A lot of religions and cultures detail what is to happen before someone dies. This is helpful and provides some comfort during a tough time. Grief rituals also guide mourners about what is to be done at funerals or memorial services. Some faiths or belief systems even outline duties during the mourning period. But what about grief rituals between death and the funeral? After a recent death in the family, I searched for some ideas that made sense for my husband, sons and I. There weren’t many options, especially for families that aren’t religious or observant. As a result, I borrowed, adapted and made some up for my family to observe during this sad time.
Open the window
This is a simple gesture, immediately after someone dies. Many faith traditions believe that opening a window allows the person’s soul to leave the room. I think we all recognize on some level that souls, if they do exist, probably don’t need us to facilitate movement. But it feels poignant to recognize something sacred has just occurred. Opening the window, even a crack, is a real, physical action that also tells our subconscious to begin the process of letting go.
Planning the ceremony
If you’re going to hold a celebration of life, a funeral or a memorial service – now is the time to bring those plans to fruition. Hopefully, a caring and competent funeral director will handle the basics. If your recently departed loved one had pre-need arrangements somewhere, all the better. But begin to think about what you and other family members need to arrange. This might include deciding who will be the ones to speak and in what order. You’ll also decide what music to play either before or after the service. This is also the time to plan any post-funeral meal.

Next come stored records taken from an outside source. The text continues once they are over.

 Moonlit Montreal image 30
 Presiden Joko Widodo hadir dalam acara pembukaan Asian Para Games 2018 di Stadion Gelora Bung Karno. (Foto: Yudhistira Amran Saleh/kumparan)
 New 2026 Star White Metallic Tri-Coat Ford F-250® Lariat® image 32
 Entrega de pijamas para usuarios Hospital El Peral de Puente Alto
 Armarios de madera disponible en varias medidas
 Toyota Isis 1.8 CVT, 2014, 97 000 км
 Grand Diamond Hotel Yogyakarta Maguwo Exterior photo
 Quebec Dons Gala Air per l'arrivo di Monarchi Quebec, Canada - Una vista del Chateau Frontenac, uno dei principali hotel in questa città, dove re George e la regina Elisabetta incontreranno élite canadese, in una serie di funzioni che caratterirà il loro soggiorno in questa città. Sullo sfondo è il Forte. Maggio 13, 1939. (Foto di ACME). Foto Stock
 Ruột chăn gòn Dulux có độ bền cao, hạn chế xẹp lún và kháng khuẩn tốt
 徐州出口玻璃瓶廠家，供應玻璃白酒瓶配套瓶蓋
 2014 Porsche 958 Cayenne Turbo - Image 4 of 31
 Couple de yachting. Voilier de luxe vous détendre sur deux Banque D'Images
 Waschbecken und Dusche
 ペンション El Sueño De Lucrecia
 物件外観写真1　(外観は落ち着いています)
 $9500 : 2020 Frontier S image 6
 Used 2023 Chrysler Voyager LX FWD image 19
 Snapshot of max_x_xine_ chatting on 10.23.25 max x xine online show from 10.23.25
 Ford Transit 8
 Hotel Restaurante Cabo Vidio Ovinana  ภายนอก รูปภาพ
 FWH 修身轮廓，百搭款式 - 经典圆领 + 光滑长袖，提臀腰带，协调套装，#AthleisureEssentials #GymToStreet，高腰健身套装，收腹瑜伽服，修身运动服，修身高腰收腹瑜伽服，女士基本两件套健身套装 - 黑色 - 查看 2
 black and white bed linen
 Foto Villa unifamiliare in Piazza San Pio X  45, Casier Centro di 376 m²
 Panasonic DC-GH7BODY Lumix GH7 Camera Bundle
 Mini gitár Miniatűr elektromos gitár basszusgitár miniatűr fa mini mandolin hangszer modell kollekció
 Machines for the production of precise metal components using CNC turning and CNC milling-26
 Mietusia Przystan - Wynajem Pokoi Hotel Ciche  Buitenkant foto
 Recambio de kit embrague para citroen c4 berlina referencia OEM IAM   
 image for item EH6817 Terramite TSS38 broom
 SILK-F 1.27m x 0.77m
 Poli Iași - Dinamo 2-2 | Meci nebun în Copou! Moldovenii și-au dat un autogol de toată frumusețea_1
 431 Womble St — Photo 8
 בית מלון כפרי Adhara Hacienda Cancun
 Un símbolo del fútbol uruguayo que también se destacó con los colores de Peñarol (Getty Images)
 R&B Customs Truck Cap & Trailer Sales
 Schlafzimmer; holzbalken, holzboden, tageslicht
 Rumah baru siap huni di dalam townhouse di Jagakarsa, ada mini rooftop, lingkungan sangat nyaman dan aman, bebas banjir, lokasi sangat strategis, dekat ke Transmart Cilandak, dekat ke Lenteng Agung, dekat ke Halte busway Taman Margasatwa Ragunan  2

Indulge in favorite foods or drinks
Perhaps your loved one had a favorite type of food.. What did they enjoy cooking or eating? Maybe they loved to celebrate good times with a tall glass of rye and ginger. Set aside one of these evenings before the ceremony to either make or eat and drink these favorites.
Many funeral directors or memorial service providers will encourage you to bring photographs to the ceremony. You might also want to have photographs to display during shiva, wakes, or other gatherings to be held in honor of the deceased. Now is a good time to gather and look through old photo albums or online collections.
This can be bittersweet.
Play some of their favorite music in the background and allow yourself to laugh – and cry – while you remember wonderful times with this person.
Some families put pictures on large white posterboards. Another idea might be to take beautiful frames from around your home and temporarily replace the pictures inside with photos of the deceased to take to the ceremony.
Either way, go with less not more.
A good rule of thumb is to keep the number of photos between 10-20 so that people don’t get overwhelmed and can really get a sense of this person based on the memories you all shared.
Watch old home movies
Grief rituals between death and funeral can include watching home movies together. Any videos or clips that feature the deceased will do.
Similar to gathering pictures, this can bring on laughter and tears – often at the same time.
If you are related to an editing whiz, this can also be a great opportunity to string together a reel of greatest moments starring your loved one. Then, during the ceremony or meal afterward, play this video of clips on a loop in the background.
Go to a favorite place
Did your loved one have a favorite place they liked nearby? This could be a restaurant, park, trail, beach or other local area. This is a great time to take some family members and visit together. Talk about your cherished memories with this person, favorite vacations or life cycle events, and ways you will carry their memory forward.
Volunteer for their cause
Sometimes, when we are feeling overwhelmed with grief, it helps to lose ourselves in service to others. If you have some extra time, one of the more meaningful grief rituals between death and funeral can be volunteering for an organization that meant a lot to your loved one. Even if only for an hour or so, it might make you feel better helping a cause near and dear to the heart of someone you just lost.